3. Finally, we would like to emphasize that a decrease in the NCSA does not always mean a decrease in nuclear volume. This could simply be illustrated by considering the axial squeezing of an incompressible cylindrical geometry from its initial configuration (radius R₀, length L₀, cross-sectional area S₀, and volume V₀) to its deformed cylindrical configuration (radius r, length l, cross-sectional area s, and volume v). Assuming the incompressibility constraint (v = V₀), it can easily be shown that the deformed area s becomes smaller than the nondeformed area S₀ (s = kS₀, with k = R₀/r < 1). It is interesting to note that the more the idealized cylindrical nuclear geometry is compressed, the more the NCSA decreases, as measured on the SKOV3 cells (Figure 1). Therefore, it is important to mention that the measured decrease in NCSA cannot and should not be related to the compressibility of the nucleus (i.e., the change in its volume).

FIGURE 1:

Variations of the NCSA and NP as percentage vs. indentation (δ) for the axial squeezing of an incompressible cylindrical geometry. Calculations were performed with L₀ = 7 µm and R₀ = 7.5 µm. The deformed length is given by l = L₀ – δ. The parameter Δδ was defined as the difference in indentation at which NP and NCSA reach 1% change. Note that a nonzero value of Δδ supports the hypothesis of a two-regime force response. Notably, this simple example shows that the two-regime force response could remain valid even with the assumption of an incompressible nucleus since Δδ = 0.9 µm.

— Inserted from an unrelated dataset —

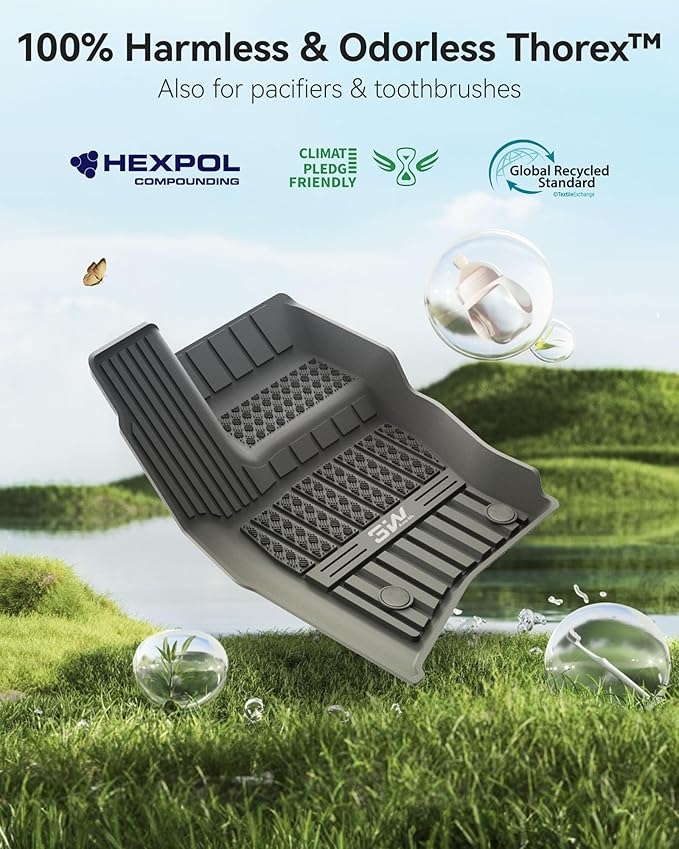 3W Floor Mats&Cargo Liner Fit Land Rover/Range Rover Defender 110 (4 Doors 5 Seat Only) 2020-2024 2025 (Not for Defender 110s/Rubber Flooring), TPE All Weather Custom Fit Floor Liner Full Set, Black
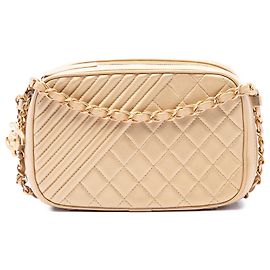 Chanel Gold Small Quilted Lambskin Coco Boy Kamera Tasche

We intend our comments to be constructive and complementary to this study, as we believe studies such as this one are rare and important to our scientific community and allow for real discussions that should lead to significant advances. In this Letter, we do not question the fundamental model, which we find elegant, rigorous, correct, and useful. Instead, we seek to inform biologists and future users of the underlying assumptions and precautions to be taken in applying this model and interpreting the results.